The Complexity of the Co-Occurrence Problem

Let $S$ be a string of length $n$ over an alphabet $\Sigma$ and let $Q$ be a subset of $\Sigma$ of size $q \geq 2$. The 'co-occurrence problem' is to construct a compact data structure that supports the following query: given an integer $w$ return the number of length-$w$ substrings of $S$ that contain each character of $Q$ at least once. This is a natural string problem with applications to, e.g., data mining, natural language processing, and DNA analysis. The state of the art is an $O(\sqrt{nq})$ space data structure that -- with some minor additions -- supports queries in $O(\log\log n)$ time [CPM 2021]. Our contributions are as follows.
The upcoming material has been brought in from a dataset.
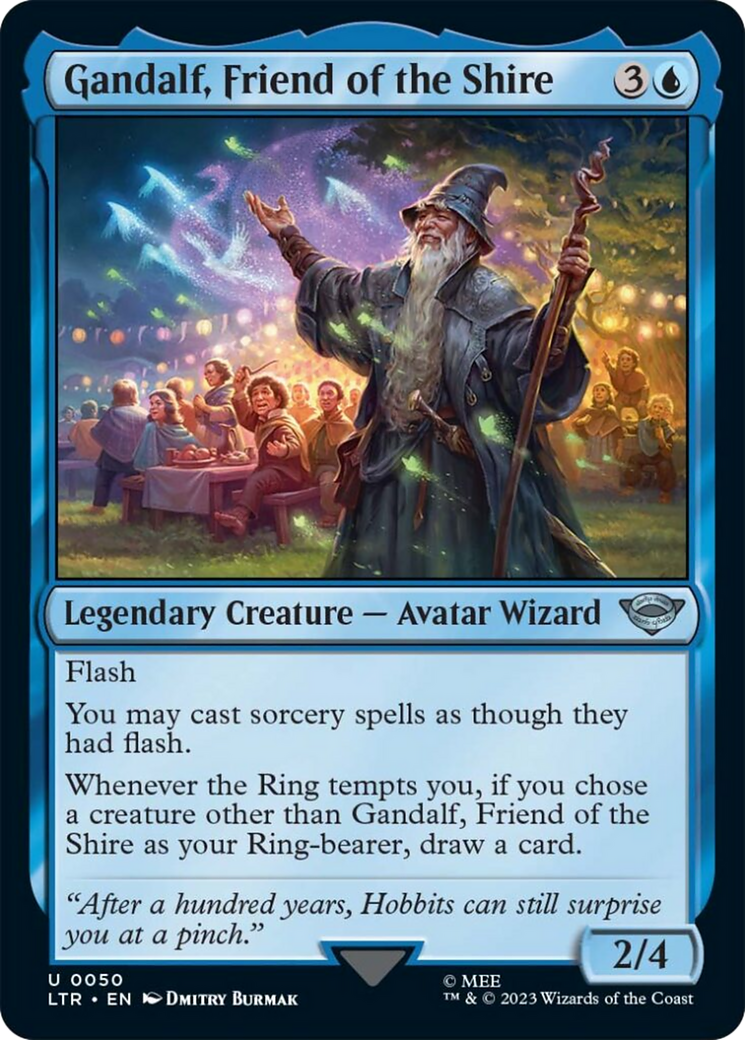 Gandalf, Friend of the Shire [The Lord of the Rings: Tales of Middle-Earth] | I Want That Stuff Brandon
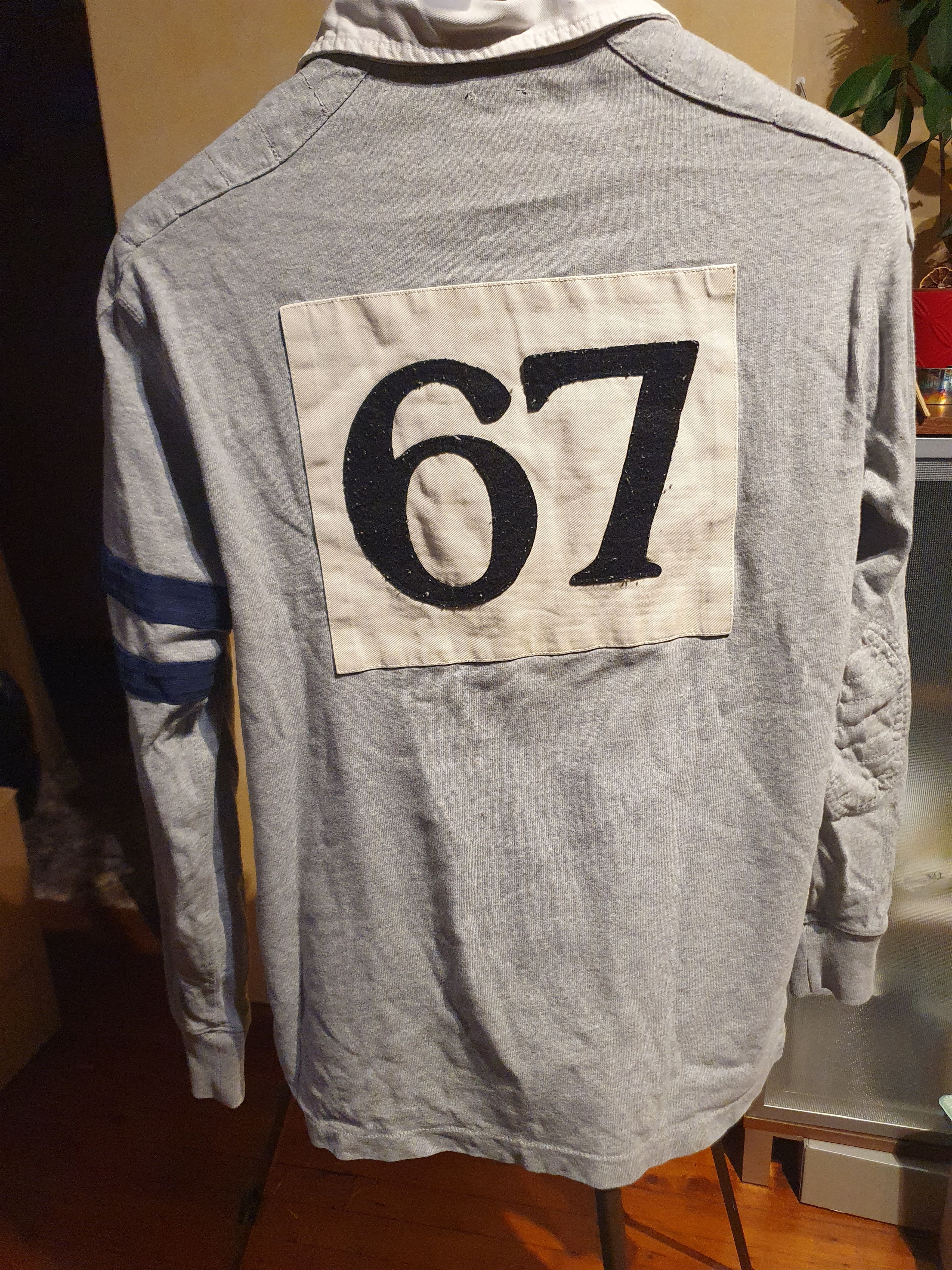Polo Ralph Lauren Polo Ralph Lauren #67 Rugby Padded Shoulders Elbows sz M Size US M / EU 48-50 / 2 - 8 Thumbnail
Firstly, we analyze the problem in terms of a new, natural parameter $d$, giving a simple data structure that uses $O(d)$ space and supports queries in $O(\log\log n)$ time. The preprocessing algorithm does a single pass over $S$, runs in expected $O(n)$ time, and uses $O(d)$ space in addition to the input. Furthermore, we show that $O(d)$ space is optimal and that $O(\log\log n)$-time queries are optimal given optimal space. Secondly, we bound $d = O(\sqrt{nq})$, giving clean bounds in terms of $n$ and $q$ that match the state of the art. Furthermore, we prove that $\Omega(\sqrt{nq})$ bits of space is necessary in the worst case, meaning that the $O(\sqrt{nq})$ upper bound is tight to within polylogarithmic factors. All of our results are based on simple and intuitive combinatorial ideas that simplify the state of the art.